Introduire l’acquêt en séparation…
Des époux mariés sous le régime de la participation aux acquêts ont adopté ensuite la séparation de biens avec société d’acquêts, cette dernière se composant des biens professionnels des époux, et notamment de l’activité d’auto-école ; le contrat comportait une clause d’attribution intégrale des acquêts au conjoint survivant.
Au décès du mari, un désaccord oppose épouse et enfant commun, d’une part, aux deux enfants issus de sa première union, d’autre part. La Cour de cassation valide l’arrêt d’appel en constatant que la société d’acquêts est « composée pour l’essentiel du fonds de commerce d’auto-école dans lequel ils exerçaient tous deux leur activité professionnelle » et que « ce fonds de commerce a été créé par [le défunt] le 3 mai 1982, soit avant son mariage ».
Il est ainsi démontré que « le mari avait fait apport à la société d’acquêts d’un bien personnel, ce qui constituait un avantage matrimonial à prendre en compte lors des opérations de liquidation en présence d’enfants nés d’une première union » (Cass. 1re civ., 29 nov. 2017, n° 16-29.056).
On ne laisse pas l’acquêt dans un coin !
Cette position ne lève pas un débat doctrinal : un avantage matrimonial exposé à une action en retranchement en présence d’enfant(s) non commun(s), d’accord, mais quelle référence retenir pour déterminer si l’avantage est ou non excessif ? Séparation de biens pure et simple ou communauté légale ?

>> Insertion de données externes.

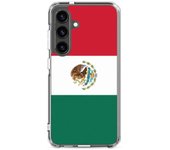 Coque Téléphone - Samsung - Galaxy S20 Plus - Drapeau du Mexique - Souple - Multicolore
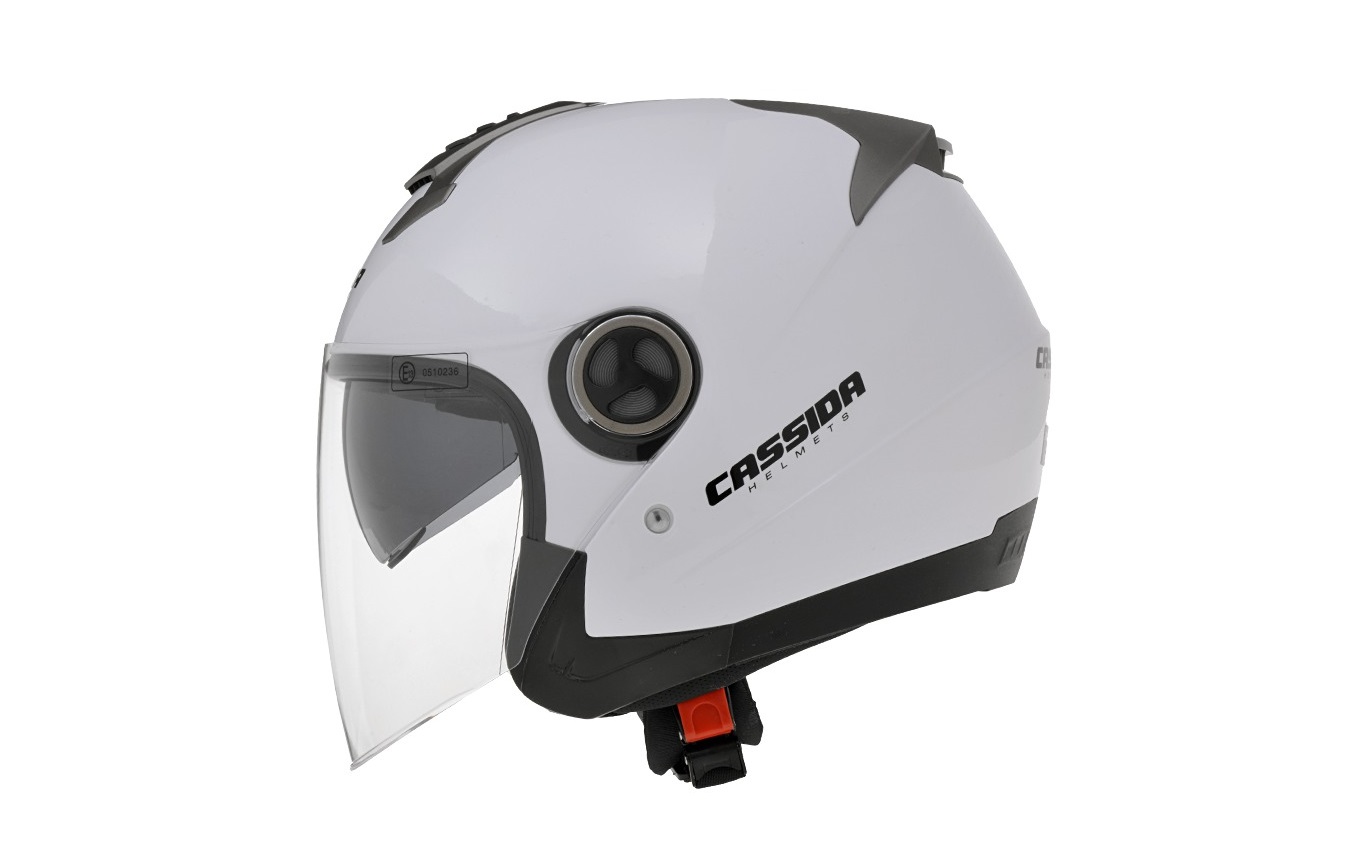 Jet helmet CASSIDA MAGNUM white L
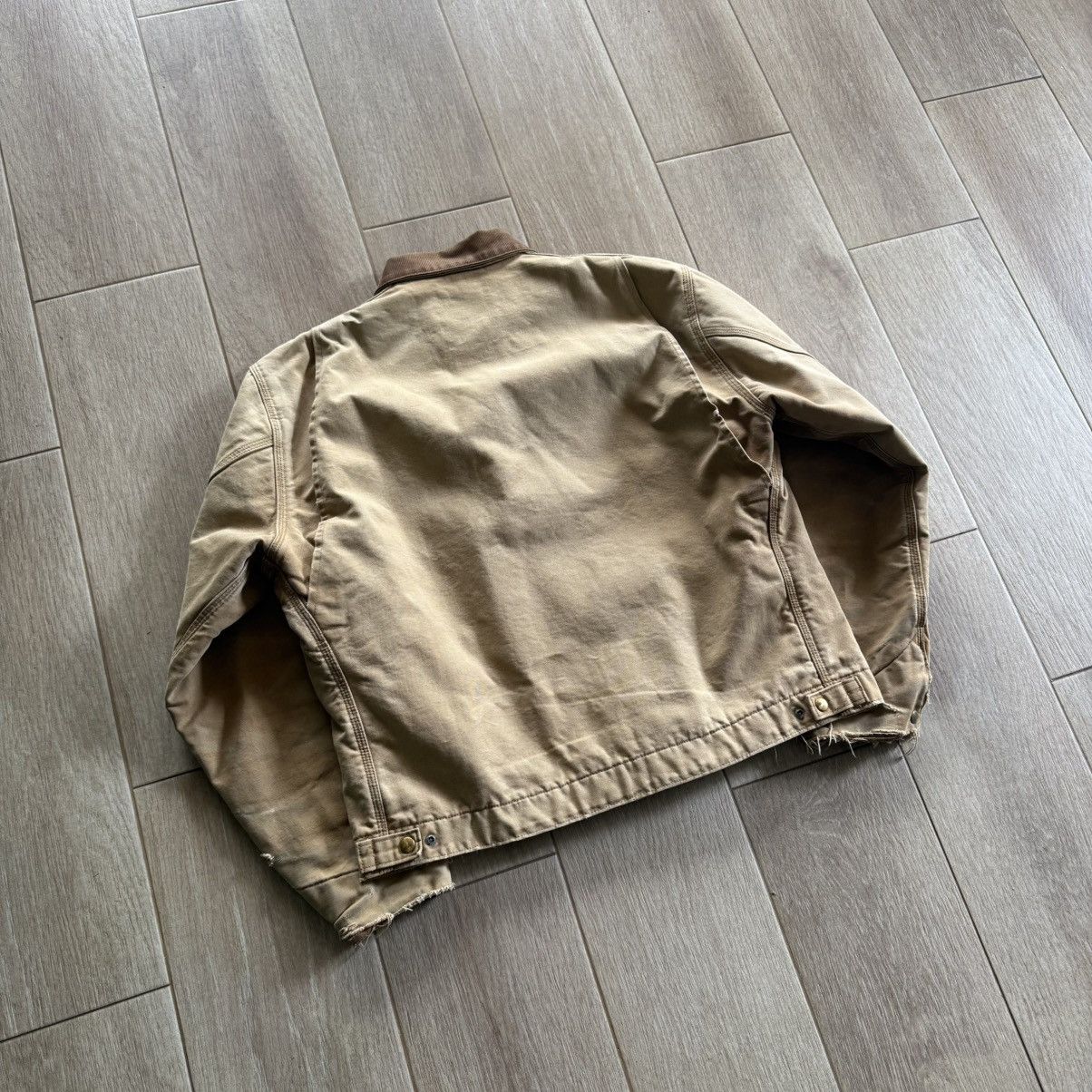 Carhartt 6BLJ0 – 90s Detroit Carhartt Jacket Size US XL / EU 56 / 4 - 9 Thumbnail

A mon sens, ce maximum doit être le même pour tous les époux, la forme exacte choisie en matière de protection du conjoint devant rester anecdotique. Une préférence, donc, pour une référence partagée par tous, la communauté légale – assortie, rappelons-le, de la plus importante des quotités disponibles spéciales entre époux, soit ici, en présence de trois enfants, un quart en propriété et trois-quarts en usufruit. Terminons cet article par un clin d’œil à ceux qui osent…
Große filou !
Une cour d’appel a affirmé que l’ex-épouse pourrait prélever sur l’actif de communauté la somme lui restant due par son ex-mari à titre de prestation compensatoire (environ 15 000 €). La chose convenait évidemment très bien à ce dernier mais la Cour de cassation n’y a point consenti, car cette proposition, détail savoureux, « fait supporter par la communauté le paiement de la prestation compensatoire (…), dette personnelle de [l’ex-époux] » (Cass. 1re civ., 15 nov. 2017, n° 16-16.443).
Qui ne tente rien n’a rien ! C’était osé et c’est presque passé. Evidemment, la prestation compensatoire ne constituant pas une dette de communauté, l’acquêt n’en avait cure.